I have already explained in the post above why optimization is very a much a part of machine learning. Now, you say that that classification and optimization are two different things and that is true. But really, it can be more fruitful to look at supervised learning as a special case of unsupervised learning [1]. It is best to seek the most general framework from which to understand things as it leads to a deeper understanding, broader applicability of concepts and easier cross fertilization across fields.
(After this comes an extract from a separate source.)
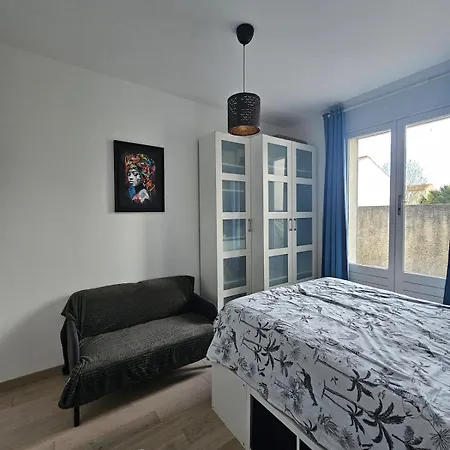 La Et Parcs A Pied * La Rochelle (Charente-Maritime)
For example, understanding the spectral theorem makes SVD (hence PCA) and the DFT class of algorithms much clearer. Understand the notion of Lp-Norms, convexity, adjoints, loss functions and regularization and a whole bunch of seemingly different algorithms collapse into facets of the same thing. Hook it up to automatic differentiation then some optimization algorithms and you can write anything from Neural networks, SVMs, regularized logistic regression to Non negative tensor factorization in a few lines. You stop making arbitrary divisions between classification or optimization. Much the same kind of collapse can be done for the dual [2] notion of probabilistic algorithms by thinking in terms of graphs, simplices, parametrizations, families and conjugacy.
The best thing from all this is you stop thinking of which algorithm should I use and start thinking of what do I want to do? What is the best mathematical model for this? What would really be great would be a machine learning language. Where one could work with things akin to folds and maps on various structures and manifolds and disappear the incidental complexity. Stuff like [3] is really encouraging for that direction.
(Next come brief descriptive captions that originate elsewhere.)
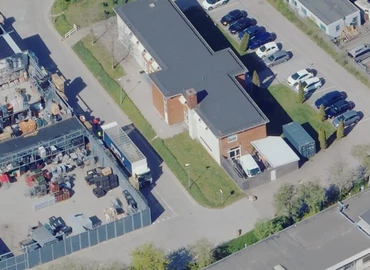 Office Kirkebjerg Parkvej 30 2605 Brondby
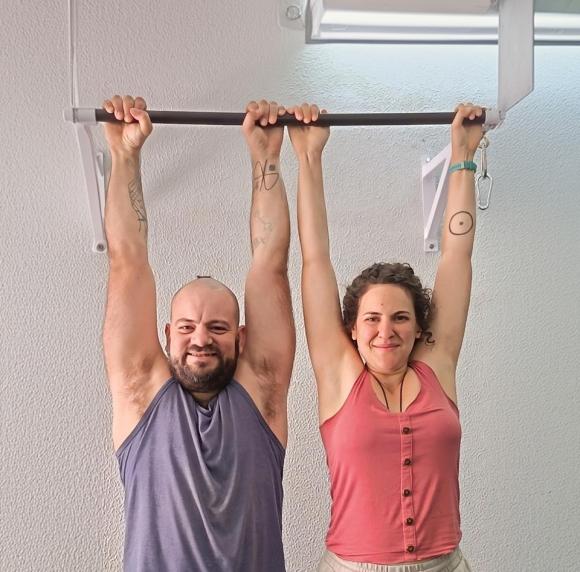 Gymacor - ginásio em Penamacor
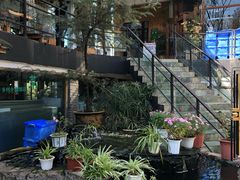 -乡村小榭饭店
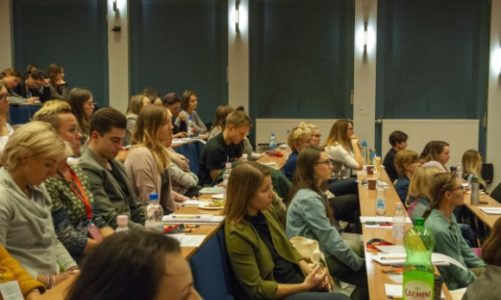 Dietetyczne Konfrontacje ? relacja z konferencji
[1] The problem of learning a distribution usually is called unsupervised learning, but in this case, supervised learning formally is a special case of unsupervised learning; if we admit that all the functional relations or associations that we are trying to learn have any element of noise or stochasticity, then this connection between supervised and unsupervised problems is quite general.
I agree with everything you said. I never said optimization isn't a part of ML, it was very much a part of my ML masters, in fact. I was just saying that, in this case, the OP doesn't have an explicit function to optimize, hence why he didn't need optimization...
Oh cool =) I don't really think in terms of classification and optimization anymore and don't really see much distinction between minimizing a loss or objective function. But I did rant on because I am really passionate about how much unnecessary complexity (hehe) is in much of machine learning. And am always eager to talk about promising unifying approaches. If you haven't read up on semirings or computational algebraic geometry you should. For an MLer learning more math is like learning math for a programmer, it is a lot of upfront work but it makes a lot of seemingly arbitrary list of rules much more cohesive and simpler when you've achieved what is basically a conceptual compression.
Yeah. It must be pretty energy intensive for the brain consider all that rewiring that occurs. I take the interlaced GIF approach to learning hard things.